[Opening Data supplied section]
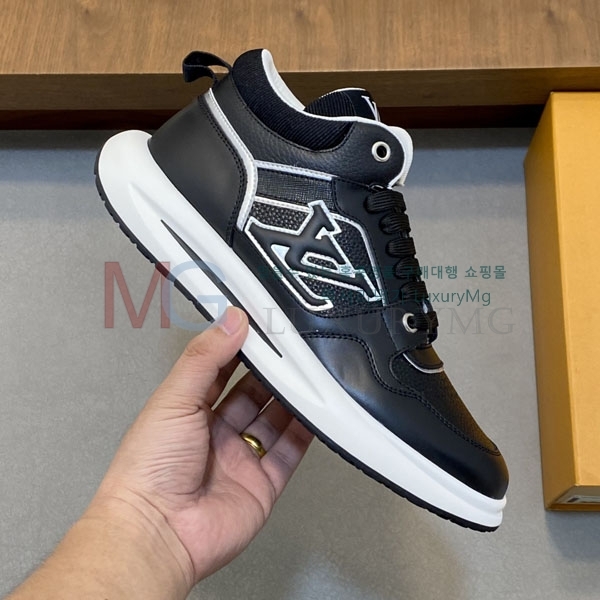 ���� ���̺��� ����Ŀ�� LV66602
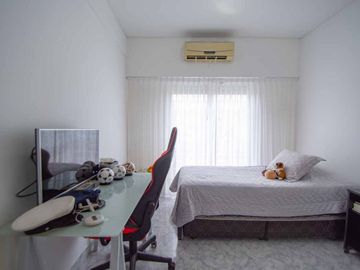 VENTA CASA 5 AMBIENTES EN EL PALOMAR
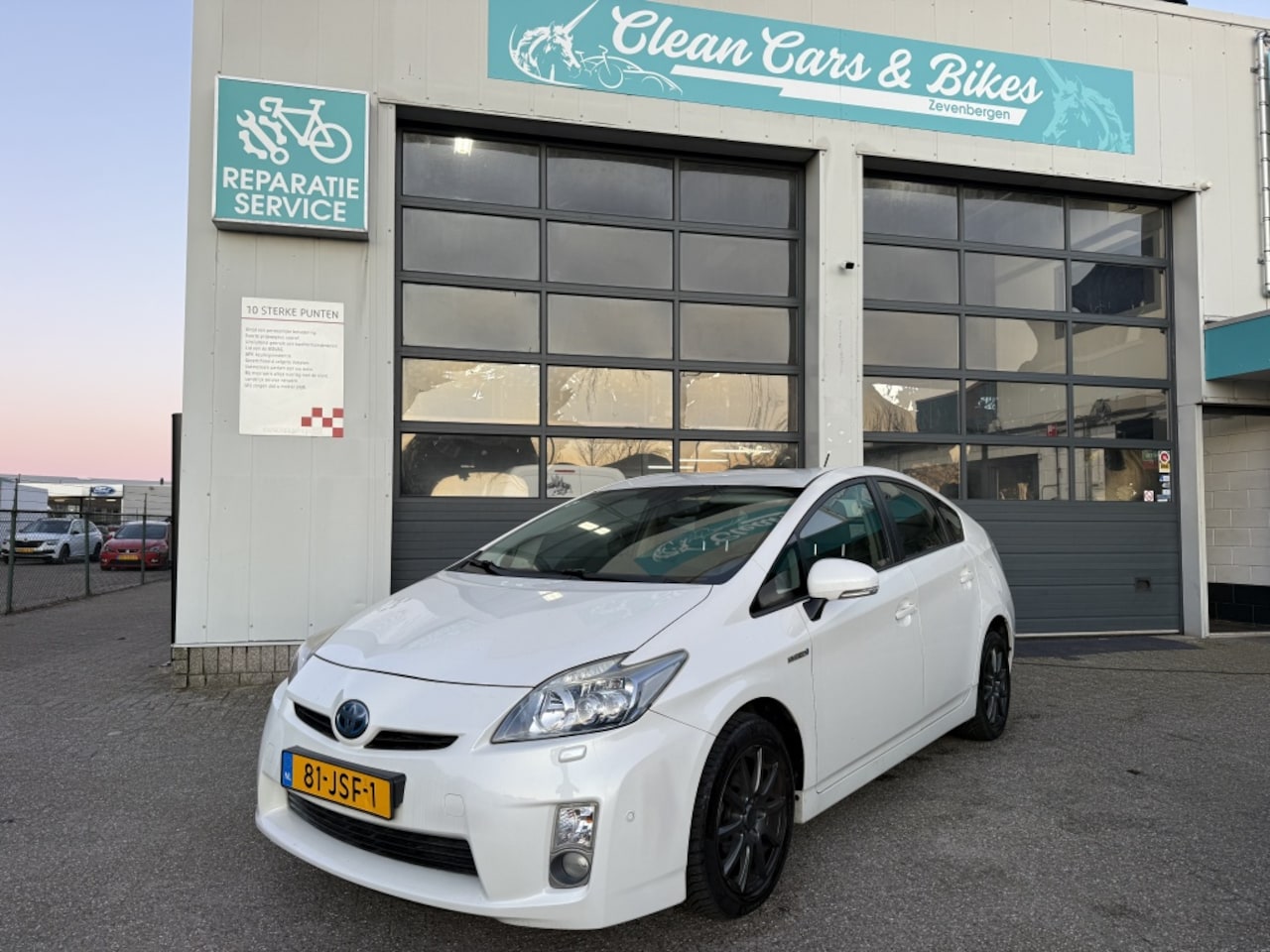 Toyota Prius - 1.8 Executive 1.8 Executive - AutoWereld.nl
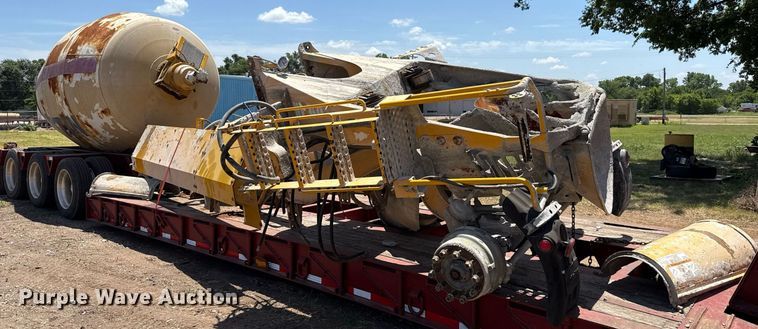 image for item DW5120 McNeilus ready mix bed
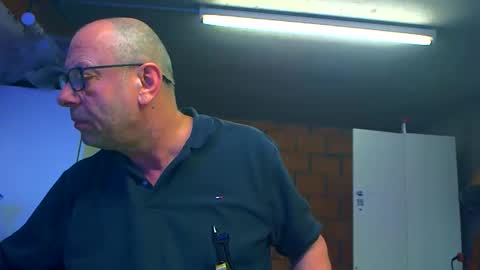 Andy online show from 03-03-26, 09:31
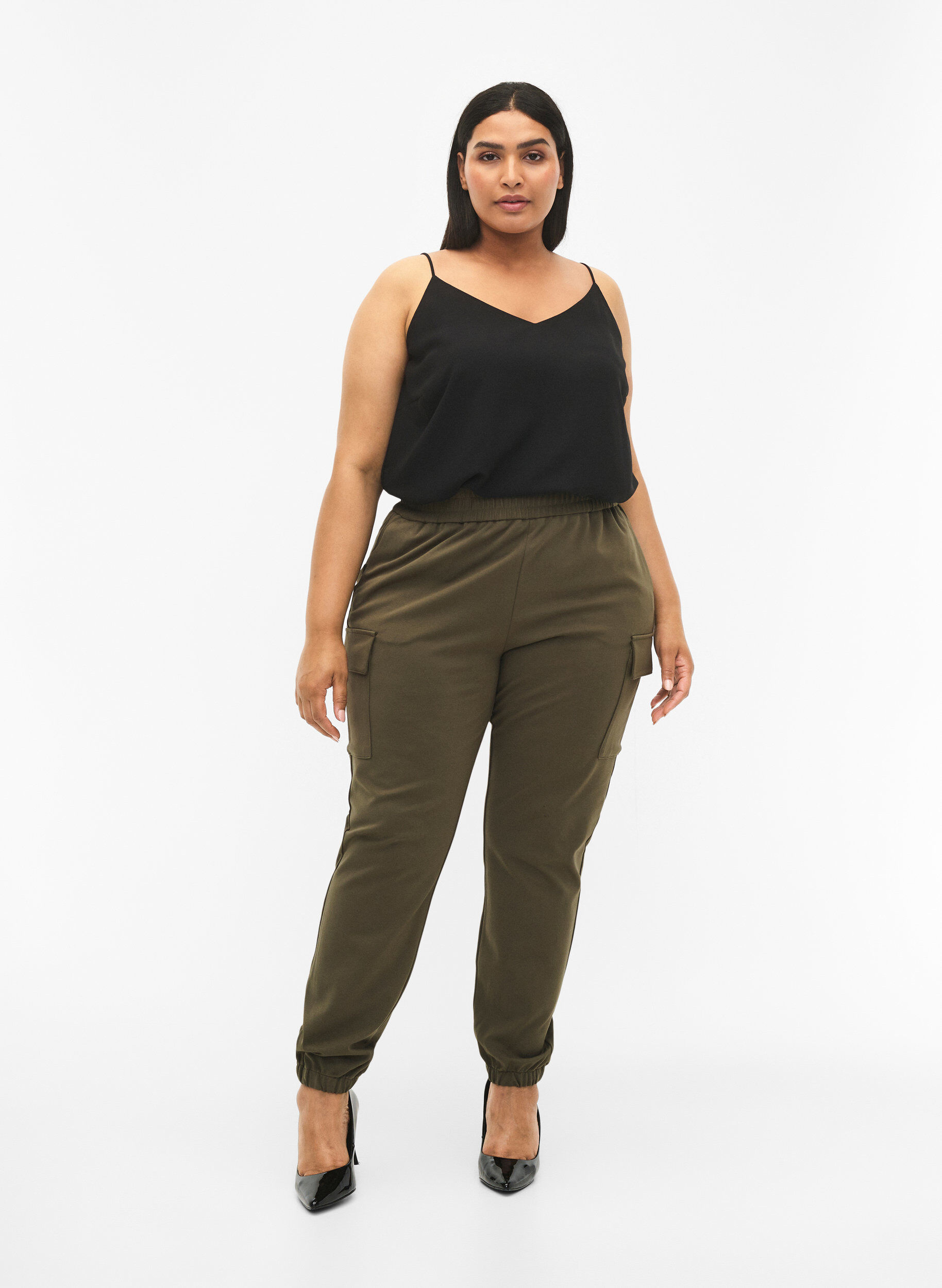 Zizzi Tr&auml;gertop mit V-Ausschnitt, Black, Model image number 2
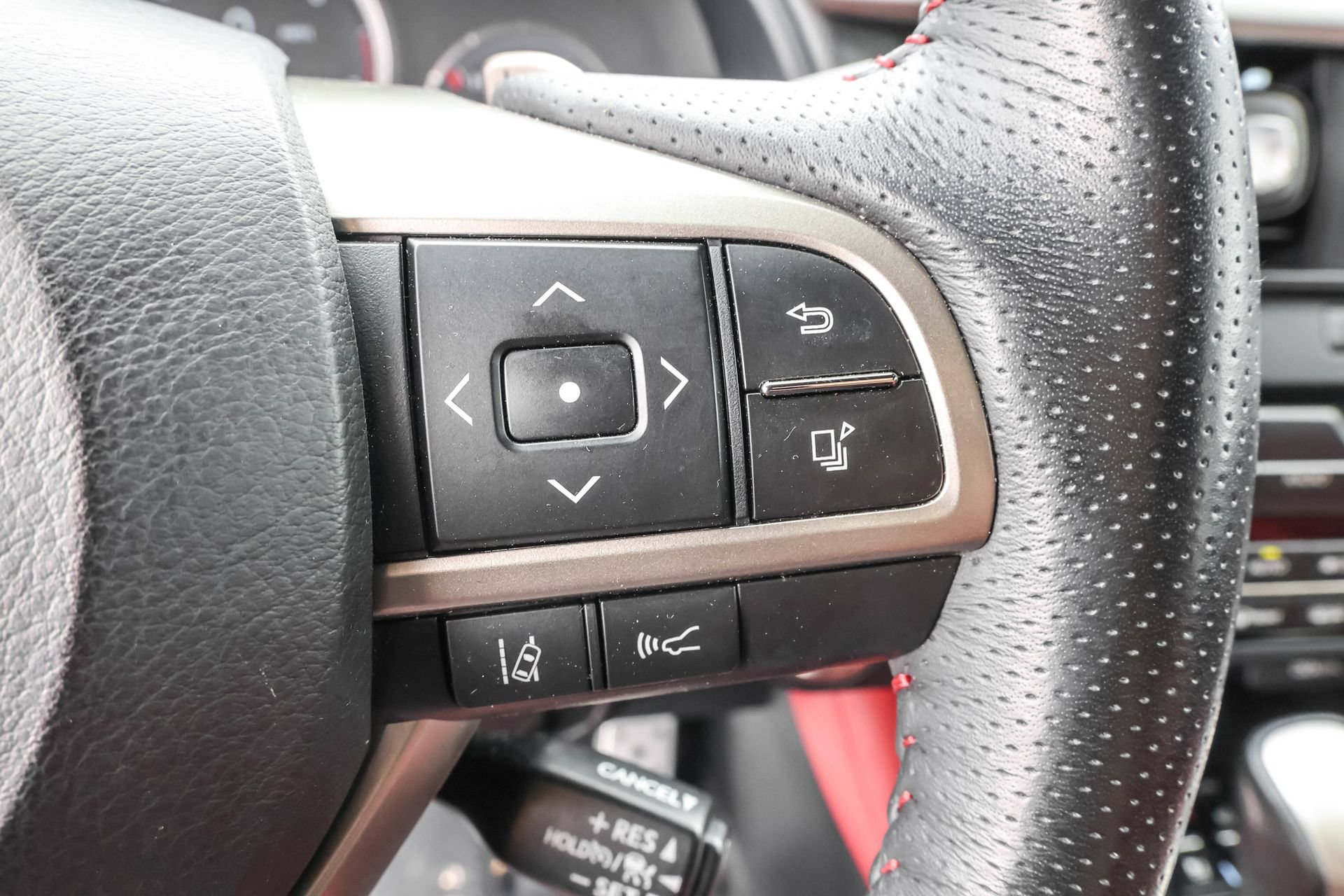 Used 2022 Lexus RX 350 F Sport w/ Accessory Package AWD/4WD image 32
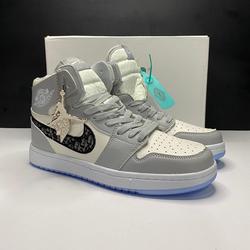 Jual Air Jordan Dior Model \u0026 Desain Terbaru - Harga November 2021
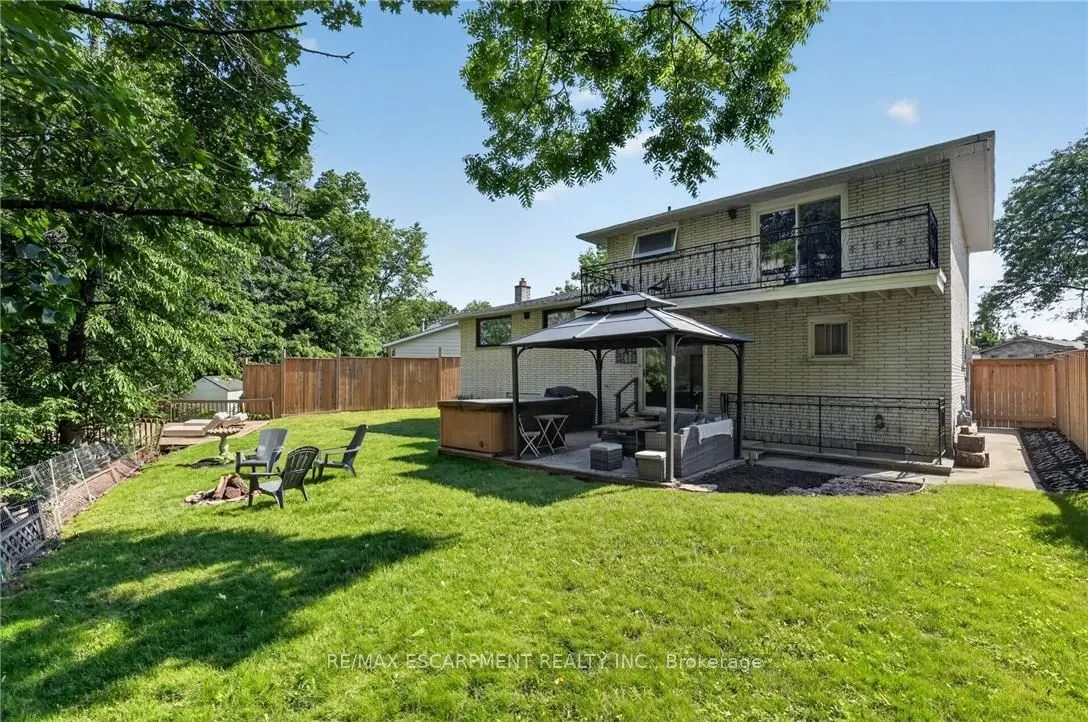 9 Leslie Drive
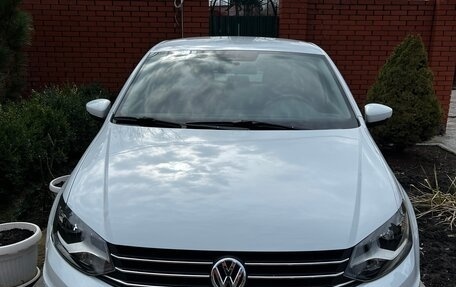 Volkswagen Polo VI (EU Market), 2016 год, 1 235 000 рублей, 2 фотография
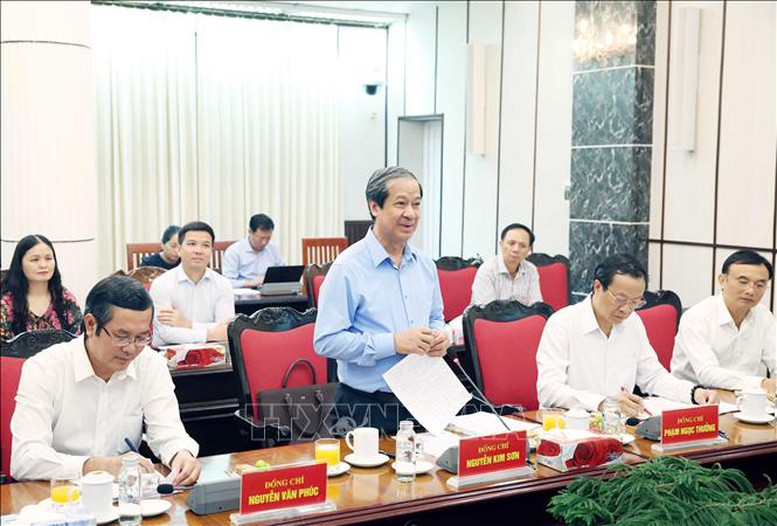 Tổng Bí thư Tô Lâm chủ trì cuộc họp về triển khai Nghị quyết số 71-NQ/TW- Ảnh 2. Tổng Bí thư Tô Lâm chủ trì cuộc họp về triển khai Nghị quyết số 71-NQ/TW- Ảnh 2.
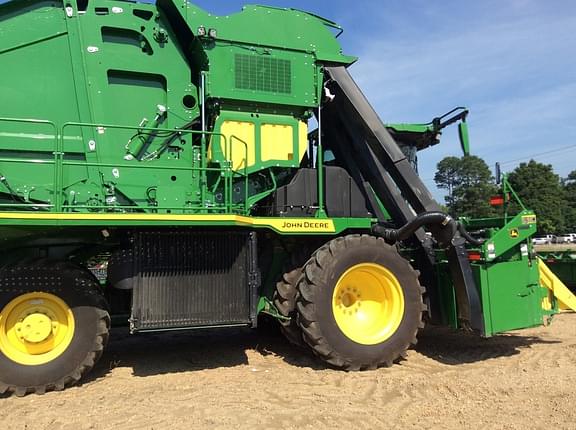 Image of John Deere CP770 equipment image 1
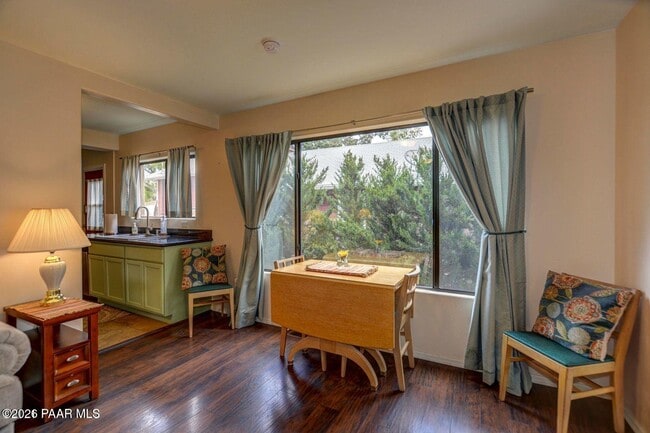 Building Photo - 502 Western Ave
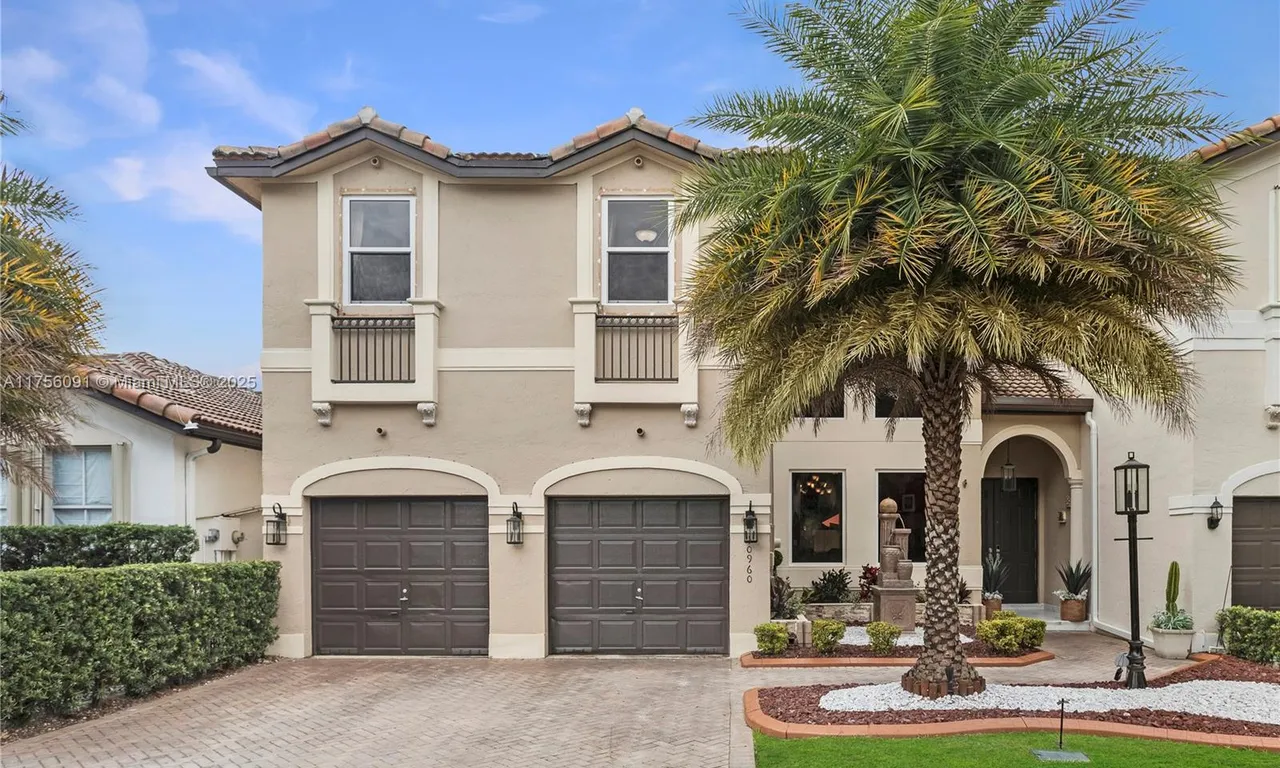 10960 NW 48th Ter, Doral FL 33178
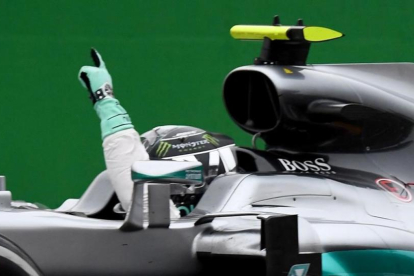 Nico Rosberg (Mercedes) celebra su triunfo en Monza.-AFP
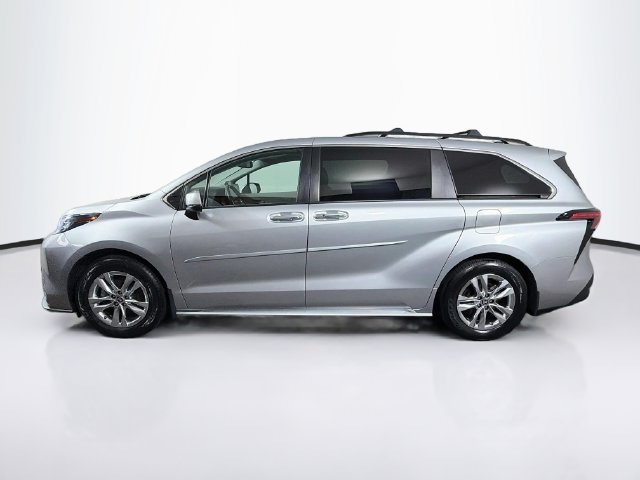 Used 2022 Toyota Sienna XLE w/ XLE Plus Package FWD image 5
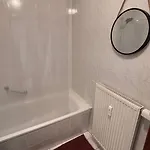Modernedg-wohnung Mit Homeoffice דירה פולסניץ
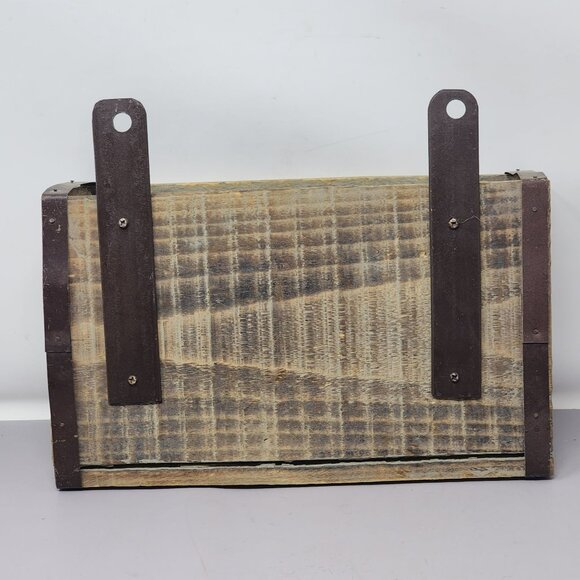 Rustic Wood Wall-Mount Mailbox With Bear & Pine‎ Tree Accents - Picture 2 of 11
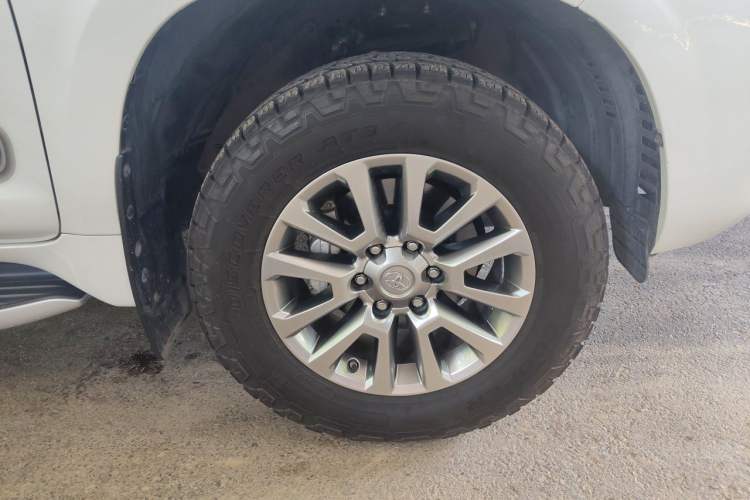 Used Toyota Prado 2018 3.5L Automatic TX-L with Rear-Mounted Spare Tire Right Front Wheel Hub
[Closing Data supplied section]
__Exercise goal__: Reproduce each record above by retyping it exactly; omit all images.

__Task output__:
 ���� ���̺��� ����Ŀ�� LV66602
 VENTA CASA 5 AMBIENTES EN EL PALOMAR
 Toyota Prius - 1.8 Executive 1.8 Executive - AutoWereld.nl
 image for item DW5120 McNeilus ready mix bed
 Andy online show from 03-03-26, 09:31
 Zizzi Tr&auml;gertop mit V-Ausschnitt, Black, Model image number 2
 Used 2022 Lexus RX 350 F Sport w/ Accessory Package AWD/4WD image 32
 Jual Air Jordan Dior Model \u0026 Desain Terbaru - Harga November 2021
 9 Leslie Drive
 Volkswagen Polo VI (EU Market), 2016 год, 1 235 000 рублей, 2 фотография
 Tổng Bí thư Tô Lâm chủ trì cuộc họp về triển khai Nghị quyết số 71-NQ/TW- Ảnh 2. Tổng Bí thư Tô Lâm chủ trì cuộc họp về triển khai Nghị quyết số 71-NQ/TW- Ảnh 2.
 Image of John Deere CP770 equipment image 1
 Building Photo - 502 Western Ave
 10960 NW 48th Ter, Doral FL 33178
 Nico Rosberg (Mercedes) celebra su triunfo en Monza.-AFP
 Used 2022 Toyota Sienna XLE w/ XLE Plus Package FWD image 5
Modernedg-wohnung Mit Homeoffice דירה פולסניץ
 Rustic Wood Wall-Mount Mailbox With Bear & Pine‎ Tree Accents - Picture 2 of 11
 Used Toyota Prado 2018 3.5L Automatic TX-L with Rear-Mounted Spare Tire Right Front Wheel Hub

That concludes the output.